WHAT YOU SHOULD DO
Write out the lines of the material below exactly, beginning at the line with "Is there an" and stopping after the line with "The next thing", and leave out the pictures.

RECORDS SHOWN
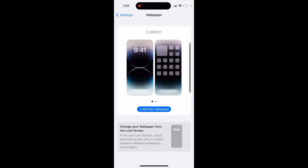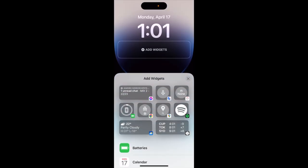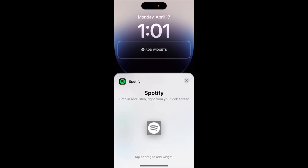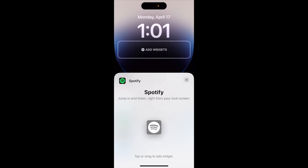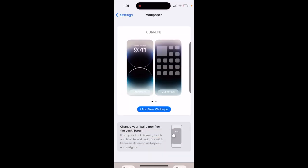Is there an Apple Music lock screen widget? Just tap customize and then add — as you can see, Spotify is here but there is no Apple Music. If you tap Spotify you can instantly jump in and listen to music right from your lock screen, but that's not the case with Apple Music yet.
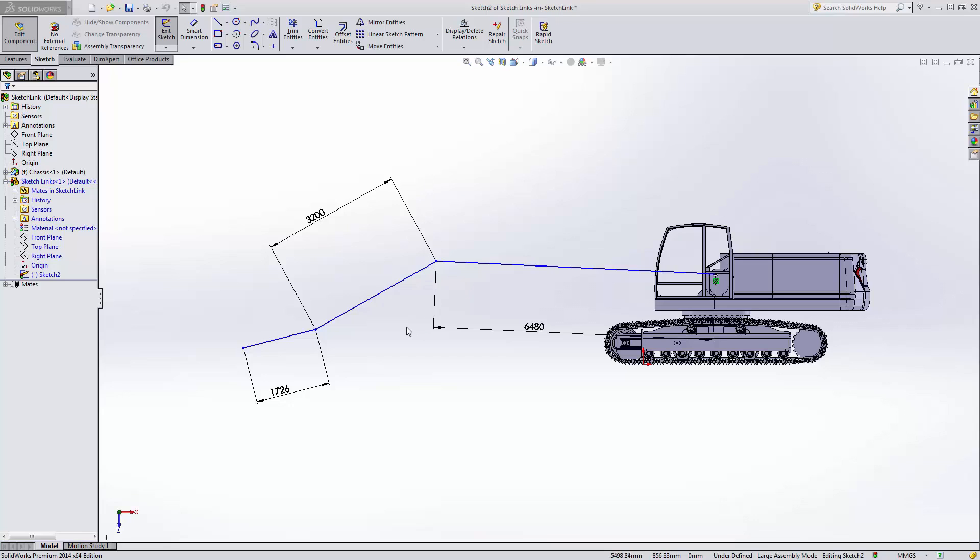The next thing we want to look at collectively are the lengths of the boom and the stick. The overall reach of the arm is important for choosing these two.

--

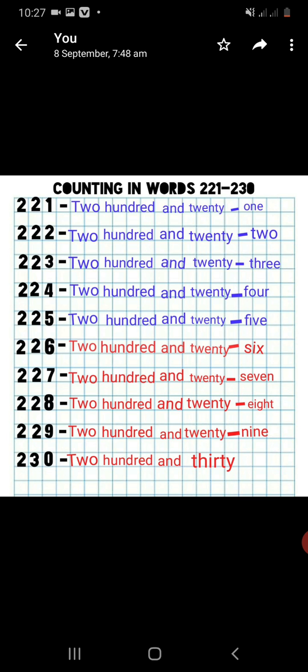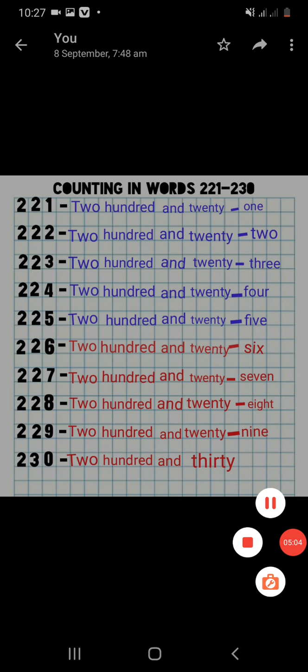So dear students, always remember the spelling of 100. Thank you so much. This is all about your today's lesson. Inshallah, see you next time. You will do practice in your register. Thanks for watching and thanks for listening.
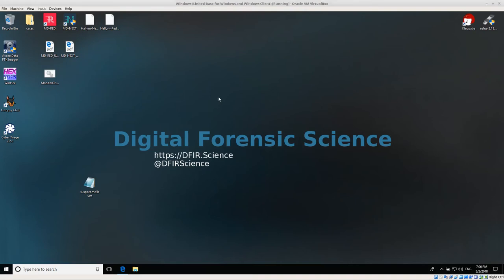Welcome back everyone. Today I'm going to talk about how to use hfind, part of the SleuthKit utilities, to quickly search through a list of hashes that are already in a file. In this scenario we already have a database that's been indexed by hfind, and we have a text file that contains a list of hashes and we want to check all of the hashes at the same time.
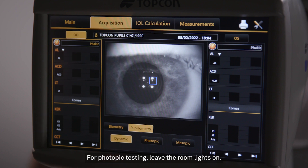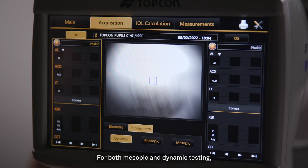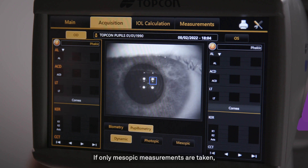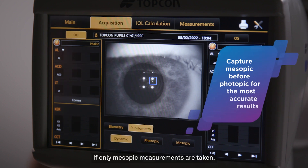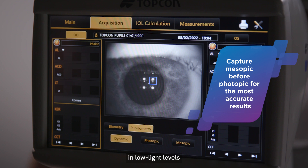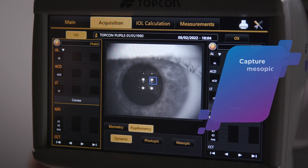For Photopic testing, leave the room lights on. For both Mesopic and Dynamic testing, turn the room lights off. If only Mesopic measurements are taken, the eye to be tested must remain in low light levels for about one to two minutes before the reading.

ANSWER SECTION
Is there an Apple Music lock screen widget? Just tap customize and then add — as you can see, Spotify is here but there is no Apple Music. If you tap Spotify you can instantly jump in and listen to music right from your lock screen, but that's not the case with Apple Music yet.
The next thing we want to look at collectively are the lengths of the boom and the stick. The overall reach of the arm is important for choosing these two.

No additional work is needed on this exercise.